A 1970s approach borne of social upheaval and the emergent perspective that students were actors in their own education, thus to know what schooling as education was about, one had to find out what schools were deemed to be by those attending them. George and Louise Spindler are cited as early champions.

Masemann espouses use of ethnographic methods to, for example, look at child socialization and cognition across cultures. Comparative study of schools, as an interface between socialization (micro-level; personal) and society’s formal demands on children, is enhanced when multiple levels can be analyzed, as is possible with ethnographic approaches. Schools can be studied as a piece of a holistic society (town, urban, rural area). Schools as formal institutions can yield insight into other such institutions in society, and other issues, such as the construction of ”underachievement”.
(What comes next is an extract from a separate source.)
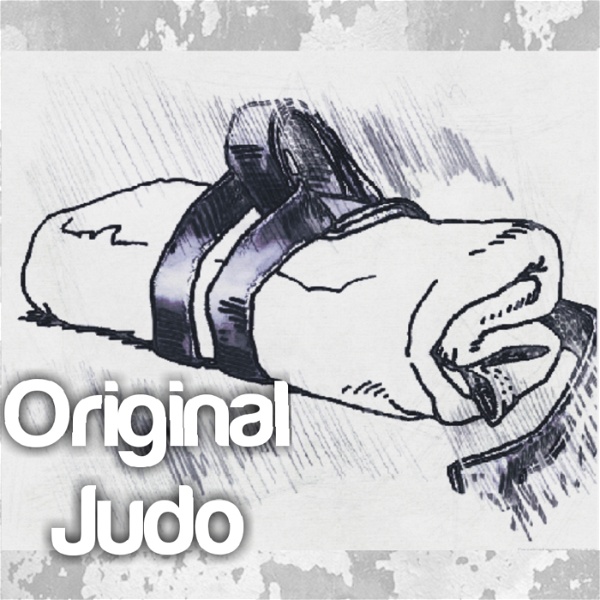 Artwork for The Original Judo Podcast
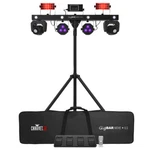 Chauvet Dj Gigbar Move + Ils 5-IN-1 Multi Effect Lighting System. Fixed Price $1559.99.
Masemann states that the theme of the chapter is immanent functionalism – presumably inherent functionality – the study of something through an at least implicit functional lens. She describes such ethnography as limited in ways similar to how colonial anthropology was limited – and “othering” of the subject, a lack of will to fully subject the issue at hand to analysis – including the functional aspects of schools. For her, school ethnographies are too often microcosmic, and do not take into account enough of the broader societal picture, nor the broader global picture. Through her neo-Marxist lens, Masemann states, “Thus school ethnography has become a technique widely used in colleges of education, but it has become deracinated from its places in the history of anthropological theory.” (page 128)

For Masemann, school ethnography will eventually fall to the power of statistical research, with its connections to formal education and modernization.

p. 128: “ . . . the value of neo-Marxist approaches [critical ethnography] to ethnography lies in the researcher’s eschewing the assumptions of neutrality and objectivity of functionalist positivistic approaches and assuming the autonomy and isolation of the school and classroom. Neo-Marxist approaches, instead, call for researchers to seize the opportunity of doing a political analysis in which their role, as well as that of the teacher, the student, and educational equality itself, is defined in new ways.”

Masemann on Holland, Levinson, and Foley: “. . .their book also provides a very complete bibliography of the most recent works in this field. In their introduction, they review the more recent developments in critical education studies, social reproduction, cultural reproduction, the cultural difference approach, ethnography and cultural reproduction, and cultural studies and the cultural production of the educated person. They also examine the Western schooling paradigm in global context and explore “how concepts of the ‘educated person’ are produced and negotiated between state discourses and local practice.” Their work provides a very comprehensive and forward-looking assessment of the state of the art of critical educational studies.”

CONCLUSION

Mentions Dottie, Bradley Levinson, and Douglas Foley’s book as a highpoint in ethnographic approaches to education research in the 1980s and 1990s.

p. 130: “From a Marxist perspective, there is a curious absence of focus on the dialectical struggle in comparative education, as if somehow the only struggle had been between East and West, when the [scientistic vs. alternative] epistemological struggle is being waged at a deeper cultural level between the North and the South and between industrial forms of culture and the more local, rooted forms of culture.”

Home-schoolers are mentioned as one community that seems to be resisting state hegemony over education practices. So, too, are religiously schooled peoples, and those attending alternative philosophy schools.

p. 130: “. . .attempts to equalize educational opportunity on a global scale have led to the ignoring of local cultural values and traditional forms of knowledge and ways of thinking, which are in danger of becoming extinct. Anthropological studies of education in every country and setting can help bear witness to the rich diversity of modes of cultural transmission and the great variety of experiences that can be called educational.”